A critical concern from the health perspective is the reductions in sugar and caloric intakes through reduced SSB consumption. While these taxes specifically affect high consumers [22,26], evaluations to date suggest that the reductions affected by SSB taxes translate to 5 to 22 kilocalories (kcals) per capita per day. These levels of reductions, even if sustained, are insufficient to meaningfully impact the broad swath of health outcomes in a timely manner, although research shows that the 10- to 20-year time horizon will produce important results [27,28]. One way to address this is to raise the current tax rates that are in the 5% to 20% range. A few Middle Eastern countries (e.g., Saudi Arabia, Qatar, and the United Arab Emirates) have instituted 50% to 100% excise taxes on subsets of SSBs [29], and Bermuda has implemented a 75% import tax on sugar, SSBs, and candies [30]. We can learn from tax levels for tobacco (another product with no health benefits and many costs) where the taxation rates range from 100% to 1,000% [31,32].

Potential unknown consequences

Evidence to date demonstrates that sugar reduction policies will and have resulted in the introduction of beverages with both sugar and nonnutritive sweeteners (NNSs) [15,16,3336].

NNS consumption is growing in high-income countries, but it is less clear what will happen in low- and middle-income countries, where consumption of diet beverages is minimal [36]. The Mexican and Berkeley evaluations found a shift toward water [37,38]. The few studies in low-income countries have found a small movement toward NNS-sweetened beverages [39], but that might change with large tax rates on SSBs or ultraprocessed foods.

So why the concern around NNSs? One fear is the impact on sweetness preference and habituation among children. Among adults, we see different outcomes in widely conflicting human studies looking at gut health, brain response, and heart health [4043]. At present, no global consensus on the longer-term health implications of prolonged and/or larger doses of NNS intake exists.
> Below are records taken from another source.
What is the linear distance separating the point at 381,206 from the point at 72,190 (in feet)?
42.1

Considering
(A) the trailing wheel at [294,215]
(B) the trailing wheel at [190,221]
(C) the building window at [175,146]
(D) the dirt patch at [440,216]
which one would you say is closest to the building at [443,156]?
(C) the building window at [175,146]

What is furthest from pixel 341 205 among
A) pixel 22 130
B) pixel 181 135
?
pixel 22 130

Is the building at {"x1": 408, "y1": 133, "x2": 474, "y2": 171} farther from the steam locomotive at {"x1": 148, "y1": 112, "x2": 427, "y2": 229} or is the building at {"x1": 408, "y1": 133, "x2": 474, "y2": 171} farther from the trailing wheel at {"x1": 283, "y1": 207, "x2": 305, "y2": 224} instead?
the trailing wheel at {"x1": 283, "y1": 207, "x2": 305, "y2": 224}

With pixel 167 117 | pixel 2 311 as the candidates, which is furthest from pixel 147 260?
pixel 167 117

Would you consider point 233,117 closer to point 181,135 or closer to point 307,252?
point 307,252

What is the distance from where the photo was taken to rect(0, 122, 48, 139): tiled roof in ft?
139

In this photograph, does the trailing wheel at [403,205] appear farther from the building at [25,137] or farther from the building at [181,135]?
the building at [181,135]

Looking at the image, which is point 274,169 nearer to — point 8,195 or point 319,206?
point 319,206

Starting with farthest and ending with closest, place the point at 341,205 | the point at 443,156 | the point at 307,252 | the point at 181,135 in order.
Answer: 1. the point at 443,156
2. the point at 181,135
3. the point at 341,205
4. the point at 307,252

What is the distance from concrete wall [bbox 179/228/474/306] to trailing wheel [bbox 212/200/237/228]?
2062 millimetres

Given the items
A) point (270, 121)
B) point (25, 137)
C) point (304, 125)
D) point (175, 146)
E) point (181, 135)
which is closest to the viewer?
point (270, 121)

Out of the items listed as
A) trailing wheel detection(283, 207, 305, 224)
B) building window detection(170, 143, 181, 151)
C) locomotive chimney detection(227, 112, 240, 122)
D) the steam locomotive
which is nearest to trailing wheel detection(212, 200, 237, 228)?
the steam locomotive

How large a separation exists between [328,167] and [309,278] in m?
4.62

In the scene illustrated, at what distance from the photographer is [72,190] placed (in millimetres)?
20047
The dearth of information on their use (the types and amounts) in our food supply means that it is challenging to study these questions.
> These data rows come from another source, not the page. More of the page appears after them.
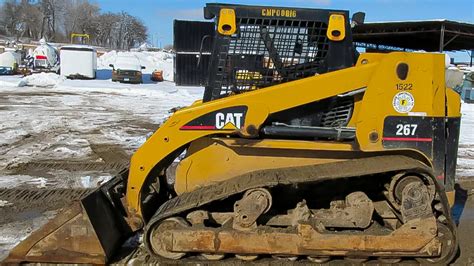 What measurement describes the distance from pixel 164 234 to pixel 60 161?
17.2 feet

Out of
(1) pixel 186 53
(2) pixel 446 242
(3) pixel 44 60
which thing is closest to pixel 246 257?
(2) pixel 446 242

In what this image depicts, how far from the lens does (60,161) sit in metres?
8.53

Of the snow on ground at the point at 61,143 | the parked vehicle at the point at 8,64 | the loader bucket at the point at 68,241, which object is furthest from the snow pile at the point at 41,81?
the loader bucket at the point at 68,241

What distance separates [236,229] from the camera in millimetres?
3934

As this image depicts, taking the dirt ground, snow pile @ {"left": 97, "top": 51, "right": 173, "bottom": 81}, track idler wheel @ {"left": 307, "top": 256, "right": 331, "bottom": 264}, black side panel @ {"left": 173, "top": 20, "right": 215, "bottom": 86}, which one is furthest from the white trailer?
track idler wheel @ {"left": 307, "top": 256, "right": 331, "bottom": 264}

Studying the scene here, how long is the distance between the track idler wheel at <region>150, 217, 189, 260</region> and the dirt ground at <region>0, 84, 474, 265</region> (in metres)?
0.73

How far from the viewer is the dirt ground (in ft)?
18.2

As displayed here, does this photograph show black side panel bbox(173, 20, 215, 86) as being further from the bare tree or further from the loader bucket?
the bare tree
A few Latin American countries are exploring front of package labeling to inform consumers if products contain NNSs. Additional information on the amounts of the various NNSs will allow monitoring of our exposure to these additives and population-based observational studies on health outcomes of the types and amounts of NNSs in diets. Currently, Chile is the only country, to our knowledge, that requires the amount of each type of NNS on nutrition labels.
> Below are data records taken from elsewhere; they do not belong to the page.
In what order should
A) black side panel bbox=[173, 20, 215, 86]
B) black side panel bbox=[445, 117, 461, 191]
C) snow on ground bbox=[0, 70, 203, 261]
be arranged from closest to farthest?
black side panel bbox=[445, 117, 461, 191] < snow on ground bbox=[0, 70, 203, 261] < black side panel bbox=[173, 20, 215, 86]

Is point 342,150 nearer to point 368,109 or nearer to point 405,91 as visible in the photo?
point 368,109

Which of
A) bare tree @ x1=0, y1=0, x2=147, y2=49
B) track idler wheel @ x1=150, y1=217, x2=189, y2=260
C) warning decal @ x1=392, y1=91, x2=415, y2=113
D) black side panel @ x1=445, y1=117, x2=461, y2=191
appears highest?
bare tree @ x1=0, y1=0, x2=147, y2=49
Of course, the food industry constantly undertakes research and development, and the scientific community’s understanding of how the various combinations of foods, ingredients, and chemicals we are exposed to affects our health over time is still growing. Any new regulations targeting current attributes of concern will meet subsequent introductions of new ingredients and products to avoid or minimize such regulations. Researchers and regulatory agencies must be vigilant and thoughtful in establishing mechanisms with which to periodically assess and improve these regulations to ensure that they evolve with the food landscape to best protect people’s health.

Conclusions

Taxation of SSBs is an important start to using fiscal policy to correct the large human and planetary costs of the modern food supply chain and promote improved diet and eventually health [44]. SSB taxes to date have varied in design, and continued assessments can allow us to better understand how to improve them to sharpen their effects. To date, tax rates are often too low, and the net impact, while important for public health, needs to be increased significantly. Increasing SSB taxation levels or expanding the tax base to include unhealthy ultraprocessed foods and beverages offer options. Additionally, the tax revenues should be directed toward human capital investments, particularly those targeting lower-income individuals or households, to address equity concerns and strengthen public support. Regardless, careful monitoring of industry responses to taxes is important due to industry investments in new food technologies with unknown, longer-term implications on human and planetary health.